%%

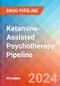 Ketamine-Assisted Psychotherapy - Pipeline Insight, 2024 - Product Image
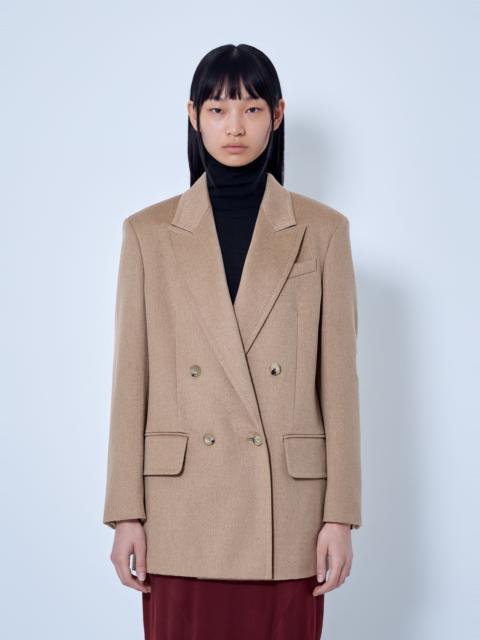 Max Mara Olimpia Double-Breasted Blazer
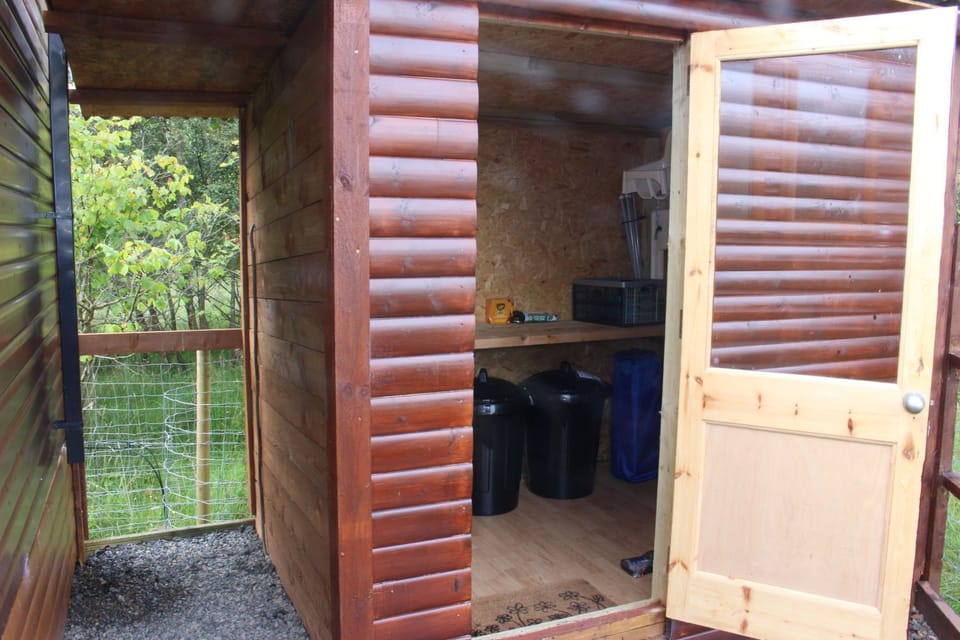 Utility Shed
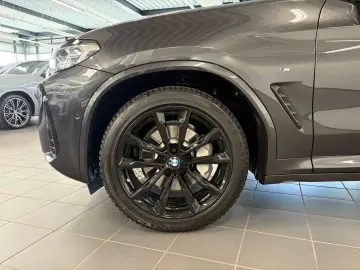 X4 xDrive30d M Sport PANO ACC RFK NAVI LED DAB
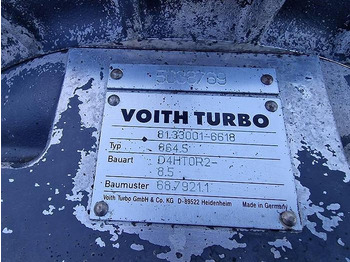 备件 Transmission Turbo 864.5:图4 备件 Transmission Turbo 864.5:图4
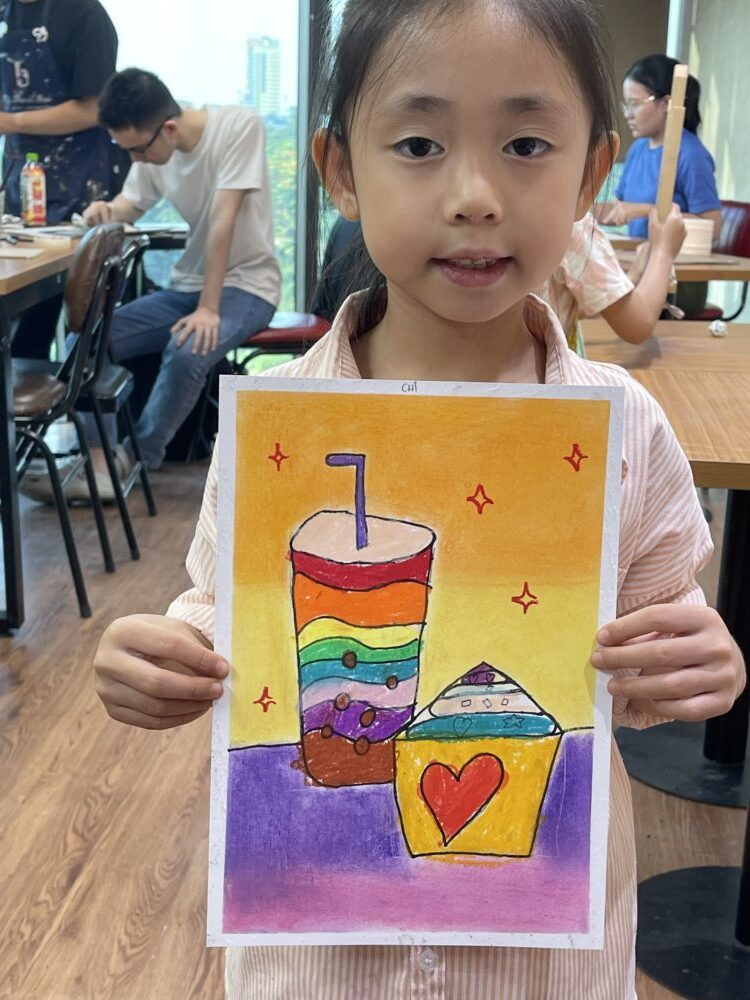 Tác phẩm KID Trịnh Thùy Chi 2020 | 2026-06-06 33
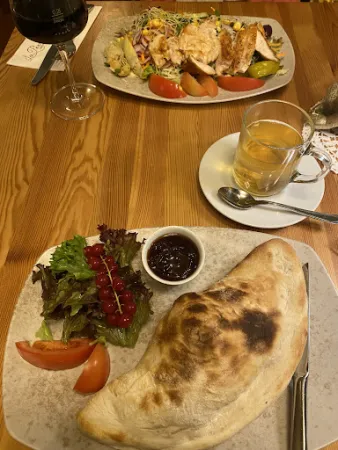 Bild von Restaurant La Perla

%%
%%

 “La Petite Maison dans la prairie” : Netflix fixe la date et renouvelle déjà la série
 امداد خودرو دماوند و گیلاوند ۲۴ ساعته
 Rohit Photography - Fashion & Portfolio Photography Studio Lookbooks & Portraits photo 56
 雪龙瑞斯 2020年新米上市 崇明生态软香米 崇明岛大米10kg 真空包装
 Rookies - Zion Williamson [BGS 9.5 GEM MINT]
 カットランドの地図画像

%%
%%

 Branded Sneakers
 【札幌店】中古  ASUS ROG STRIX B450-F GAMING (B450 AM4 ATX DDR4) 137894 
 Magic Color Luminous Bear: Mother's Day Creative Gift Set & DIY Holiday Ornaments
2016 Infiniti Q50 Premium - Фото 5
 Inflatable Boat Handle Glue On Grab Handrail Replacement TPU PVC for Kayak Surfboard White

%%

- **Work order**
Print nothing but the lines above starting with the line that contains "Ketamine-Assisted Psychotherapy - Pipeline" and going on through the line that contains "Tác phẩm KID". Leave out the pictures.

- **Your response**
 Ketamine-Assisted Psychotherapy - Pipeline Insight, 2024 - Product Image
 Max Mara Olimpia Double-Breasted Blazer
 Utility Shed
 X4 xDrive30d M Sport PANO ACC RFK NAVI LED DAB
 备件 Transmission Turbo 864.5:图4 备件 Transmission Turbo 864.5:图4
 Tác phẩm KID Trịnh Thùy Chi 2020 | 2026-06-06 33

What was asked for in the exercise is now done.